## Required work
All lines from the one including "Pakistan Cricket Board" to the bottom of the entries below should be repeated exactly, both ends kept.

─── Material provided

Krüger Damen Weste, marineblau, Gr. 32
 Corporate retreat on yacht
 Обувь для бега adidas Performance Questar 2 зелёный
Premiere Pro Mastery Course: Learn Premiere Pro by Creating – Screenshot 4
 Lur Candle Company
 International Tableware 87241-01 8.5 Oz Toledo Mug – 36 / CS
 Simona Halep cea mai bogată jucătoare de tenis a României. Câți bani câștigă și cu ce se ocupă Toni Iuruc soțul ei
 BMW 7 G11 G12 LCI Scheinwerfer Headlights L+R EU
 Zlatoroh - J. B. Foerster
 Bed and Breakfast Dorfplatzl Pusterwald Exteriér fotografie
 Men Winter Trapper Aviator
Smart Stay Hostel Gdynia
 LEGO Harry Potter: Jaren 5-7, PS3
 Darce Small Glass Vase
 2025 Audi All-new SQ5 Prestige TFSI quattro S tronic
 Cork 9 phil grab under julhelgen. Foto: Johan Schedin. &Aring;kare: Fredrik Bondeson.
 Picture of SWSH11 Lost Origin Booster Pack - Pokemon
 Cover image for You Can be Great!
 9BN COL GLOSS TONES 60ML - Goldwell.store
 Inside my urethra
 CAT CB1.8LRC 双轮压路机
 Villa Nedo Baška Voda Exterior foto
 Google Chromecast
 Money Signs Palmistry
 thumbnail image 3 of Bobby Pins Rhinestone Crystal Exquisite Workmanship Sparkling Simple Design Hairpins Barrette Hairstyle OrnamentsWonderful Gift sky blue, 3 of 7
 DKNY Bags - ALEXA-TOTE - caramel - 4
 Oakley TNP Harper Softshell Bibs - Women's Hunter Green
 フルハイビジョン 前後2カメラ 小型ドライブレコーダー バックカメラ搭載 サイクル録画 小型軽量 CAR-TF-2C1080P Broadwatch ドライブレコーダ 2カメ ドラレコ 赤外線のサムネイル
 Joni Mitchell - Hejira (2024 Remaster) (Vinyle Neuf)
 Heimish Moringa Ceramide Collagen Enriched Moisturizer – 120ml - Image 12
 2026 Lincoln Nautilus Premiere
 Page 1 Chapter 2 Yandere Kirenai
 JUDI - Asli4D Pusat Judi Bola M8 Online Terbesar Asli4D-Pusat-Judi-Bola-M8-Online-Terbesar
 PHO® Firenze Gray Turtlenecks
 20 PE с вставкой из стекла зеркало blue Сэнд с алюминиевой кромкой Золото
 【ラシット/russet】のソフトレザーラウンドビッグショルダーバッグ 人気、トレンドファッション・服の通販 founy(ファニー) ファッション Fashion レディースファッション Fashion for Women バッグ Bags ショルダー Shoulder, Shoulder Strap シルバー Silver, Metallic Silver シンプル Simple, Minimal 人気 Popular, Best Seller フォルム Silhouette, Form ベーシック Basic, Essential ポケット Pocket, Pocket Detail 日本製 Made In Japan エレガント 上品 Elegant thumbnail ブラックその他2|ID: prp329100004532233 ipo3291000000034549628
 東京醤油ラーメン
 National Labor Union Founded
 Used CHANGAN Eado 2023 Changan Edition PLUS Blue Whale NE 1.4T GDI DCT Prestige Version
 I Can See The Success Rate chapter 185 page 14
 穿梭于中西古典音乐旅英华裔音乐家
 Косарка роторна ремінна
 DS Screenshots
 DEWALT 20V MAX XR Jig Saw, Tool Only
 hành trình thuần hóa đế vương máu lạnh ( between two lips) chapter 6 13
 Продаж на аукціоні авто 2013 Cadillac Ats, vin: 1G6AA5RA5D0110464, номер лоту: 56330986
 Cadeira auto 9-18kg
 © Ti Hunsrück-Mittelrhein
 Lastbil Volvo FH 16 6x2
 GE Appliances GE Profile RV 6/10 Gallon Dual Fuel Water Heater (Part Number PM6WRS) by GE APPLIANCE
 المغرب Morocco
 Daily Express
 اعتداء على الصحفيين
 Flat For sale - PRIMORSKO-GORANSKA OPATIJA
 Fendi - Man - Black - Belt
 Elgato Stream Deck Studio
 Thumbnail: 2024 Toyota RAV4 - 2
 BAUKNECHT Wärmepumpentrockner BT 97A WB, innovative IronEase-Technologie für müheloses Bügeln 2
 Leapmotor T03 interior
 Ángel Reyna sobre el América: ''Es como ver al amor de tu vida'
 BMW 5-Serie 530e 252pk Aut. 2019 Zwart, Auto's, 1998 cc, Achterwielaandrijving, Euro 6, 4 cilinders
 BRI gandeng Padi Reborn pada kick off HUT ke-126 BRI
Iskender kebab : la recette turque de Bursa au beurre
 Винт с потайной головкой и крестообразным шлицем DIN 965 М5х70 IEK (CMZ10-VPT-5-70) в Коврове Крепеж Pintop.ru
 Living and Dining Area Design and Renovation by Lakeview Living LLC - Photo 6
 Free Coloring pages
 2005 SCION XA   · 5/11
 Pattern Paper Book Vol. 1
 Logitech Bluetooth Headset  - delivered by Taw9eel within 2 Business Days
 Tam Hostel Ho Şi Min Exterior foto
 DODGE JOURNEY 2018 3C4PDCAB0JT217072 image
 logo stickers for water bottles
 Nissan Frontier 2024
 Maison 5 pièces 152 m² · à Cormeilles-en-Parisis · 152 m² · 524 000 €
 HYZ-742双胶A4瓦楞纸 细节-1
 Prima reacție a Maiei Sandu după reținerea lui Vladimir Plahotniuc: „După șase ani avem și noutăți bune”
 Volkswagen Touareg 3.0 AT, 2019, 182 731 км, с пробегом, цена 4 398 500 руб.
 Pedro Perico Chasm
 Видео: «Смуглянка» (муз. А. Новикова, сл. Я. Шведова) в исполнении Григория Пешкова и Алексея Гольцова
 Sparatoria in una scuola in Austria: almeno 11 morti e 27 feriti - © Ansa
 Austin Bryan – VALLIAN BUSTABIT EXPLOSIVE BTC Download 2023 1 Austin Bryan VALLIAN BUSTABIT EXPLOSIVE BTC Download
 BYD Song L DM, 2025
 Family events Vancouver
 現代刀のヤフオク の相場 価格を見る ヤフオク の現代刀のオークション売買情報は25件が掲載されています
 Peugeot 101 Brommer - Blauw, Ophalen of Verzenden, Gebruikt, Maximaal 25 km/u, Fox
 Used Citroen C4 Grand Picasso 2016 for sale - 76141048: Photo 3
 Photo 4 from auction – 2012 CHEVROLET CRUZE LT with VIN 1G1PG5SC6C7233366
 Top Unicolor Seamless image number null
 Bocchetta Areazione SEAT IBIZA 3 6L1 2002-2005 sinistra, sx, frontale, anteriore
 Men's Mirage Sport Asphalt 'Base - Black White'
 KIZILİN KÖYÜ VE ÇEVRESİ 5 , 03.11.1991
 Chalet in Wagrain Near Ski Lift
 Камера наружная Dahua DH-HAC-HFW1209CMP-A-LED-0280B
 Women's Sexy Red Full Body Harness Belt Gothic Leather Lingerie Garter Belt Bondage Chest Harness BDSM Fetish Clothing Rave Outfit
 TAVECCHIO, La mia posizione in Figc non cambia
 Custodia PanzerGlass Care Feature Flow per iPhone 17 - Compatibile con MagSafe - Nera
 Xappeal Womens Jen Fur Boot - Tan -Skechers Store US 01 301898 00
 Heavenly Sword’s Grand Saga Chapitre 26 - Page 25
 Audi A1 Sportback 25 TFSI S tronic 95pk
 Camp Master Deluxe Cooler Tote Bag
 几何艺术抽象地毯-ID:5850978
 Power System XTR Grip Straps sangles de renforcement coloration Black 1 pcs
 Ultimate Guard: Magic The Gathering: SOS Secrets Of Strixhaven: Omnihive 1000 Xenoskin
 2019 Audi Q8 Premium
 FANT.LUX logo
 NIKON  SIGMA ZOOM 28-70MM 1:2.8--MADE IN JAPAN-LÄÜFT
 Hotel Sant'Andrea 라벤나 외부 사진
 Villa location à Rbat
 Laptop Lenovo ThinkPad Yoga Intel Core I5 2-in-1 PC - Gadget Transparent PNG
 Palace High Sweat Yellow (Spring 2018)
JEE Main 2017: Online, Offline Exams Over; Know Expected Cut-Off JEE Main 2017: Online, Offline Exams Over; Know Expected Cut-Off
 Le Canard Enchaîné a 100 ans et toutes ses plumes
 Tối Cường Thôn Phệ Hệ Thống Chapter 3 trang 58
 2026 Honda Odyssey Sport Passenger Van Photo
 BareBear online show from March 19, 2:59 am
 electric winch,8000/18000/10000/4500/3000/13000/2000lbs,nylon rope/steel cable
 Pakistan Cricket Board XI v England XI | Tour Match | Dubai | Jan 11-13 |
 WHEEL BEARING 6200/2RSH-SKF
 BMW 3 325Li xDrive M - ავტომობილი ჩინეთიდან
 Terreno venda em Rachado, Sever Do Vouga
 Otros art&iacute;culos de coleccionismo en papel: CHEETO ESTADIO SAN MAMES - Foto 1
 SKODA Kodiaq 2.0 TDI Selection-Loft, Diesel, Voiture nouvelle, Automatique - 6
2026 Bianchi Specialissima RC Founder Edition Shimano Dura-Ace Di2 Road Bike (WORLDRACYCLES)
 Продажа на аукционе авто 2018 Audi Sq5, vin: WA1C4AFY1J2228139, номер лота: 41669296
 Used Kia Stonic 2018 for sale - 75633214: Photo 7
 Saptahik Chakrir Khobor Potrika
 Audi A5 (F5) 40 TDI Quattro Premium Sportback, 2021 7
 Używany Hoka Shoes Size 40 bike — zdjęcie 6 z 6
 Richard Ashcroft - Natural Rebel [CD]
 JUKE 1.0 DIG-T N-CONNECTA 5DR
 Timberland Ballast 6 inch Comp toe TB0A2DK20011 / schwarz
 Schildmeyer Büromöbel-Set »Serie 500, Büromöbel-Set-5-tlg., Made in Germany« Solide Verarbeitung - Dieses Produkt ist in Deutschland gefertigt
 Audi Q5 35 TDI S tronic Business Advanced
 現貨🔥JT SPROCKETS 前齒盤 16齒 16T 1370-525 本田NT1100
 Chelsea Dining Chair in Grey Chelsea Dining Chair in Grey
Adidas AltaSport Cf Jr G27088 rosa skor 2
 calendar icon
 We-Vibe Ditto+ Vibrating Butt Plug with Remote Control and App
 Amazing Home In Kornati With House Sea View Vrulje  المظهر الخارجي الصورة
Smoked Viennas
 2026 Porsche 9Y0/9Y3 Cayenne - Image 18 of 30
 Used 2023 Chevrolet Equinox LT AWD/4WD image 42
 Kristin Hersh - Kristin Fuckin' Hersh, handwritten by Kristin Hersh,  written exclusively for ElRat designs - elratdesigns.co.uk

──────

## Your response
 Pakistan Cricket Board XI v England XI | Tour Match | Dubai | Jan 11-13 |
 WHEEL BEARING 6200/2RSH-SKF
 BMW 3 325Li xDrive M - ავტომობილი ჩინეთიდან
 Terreno venda em Rachado, Sever Do Vouga
 Otros art&iacute;culos de coleccionismo en papel: CHEETO ESTADIO SAN MAMES - Foto 1
 SKODA Kodiaq 2.0 TDI Selection-Loft, Diesel, Voiture nouvelle, Automatique - 6
2026 Bianchi Specialissima RC Founder Edition Shimano Dura-Ace Di2 Road Bike (WORLDRACYCLES)
 Продажа на аукционе авто 2018 Audi Sq5, vin: WA1C4AFY1J2228139, номер лота: 41669296
 Used Kia Stonic 2018 for sale - 75633214: Photo 7
 Saptahik Chakrir Khobor Potrika
 Audi A5 (F5) 40 TDI Quattro Premium Sportback, 2021 7
 Używany Hoka Shoes Size 40 bike — zdjęcie 6 z 6
 Richard Ashcroft - Natural Rebel [CD]
 JUKE 1.0 DIG-T N-CONNECTA 5DR
 Timberland Ballast 6 inch Comp toe TB0A2DK20011 / schwarz
 Schildmeyer Büromöbel-Set »Serie 500, Büromöbel-Set-5-tlg., Made in Germany« Solide Verarbeitung - Dieses Produkt ist in Deutschland gefertigt
 Audi Q5 35 TDI S tronic Business Advanced
 現貨🔥JT SPROCKETS 前齒盤 16齒 16T 1370-525 本田NT1100
 Chelsea Dining Chair in Grey Chelsea Dining Chair in Grey
Adidas AltaSport Cf Jr G27088 rosa skor 2
 calendar icon
 We-Vibe Ditto+ Vibrating Butt Plug with Remote Control and App
 Amazing Home In Kornati With House Sea View Vrulje  المظهر الخارجي الصورة
Smoked Viennas
 2026 Porsche 9Y0/9Y3 Cayenne - Image 18 of 30
 Used 2023 Chevrolet Equinox LT AWD/4WD image 42
 Kristin Hersh - Kristin Fuckin' Hersh, handwritten by Kristin Hersh,  written exclusively for ElRat designs - elratdesigns.co.uk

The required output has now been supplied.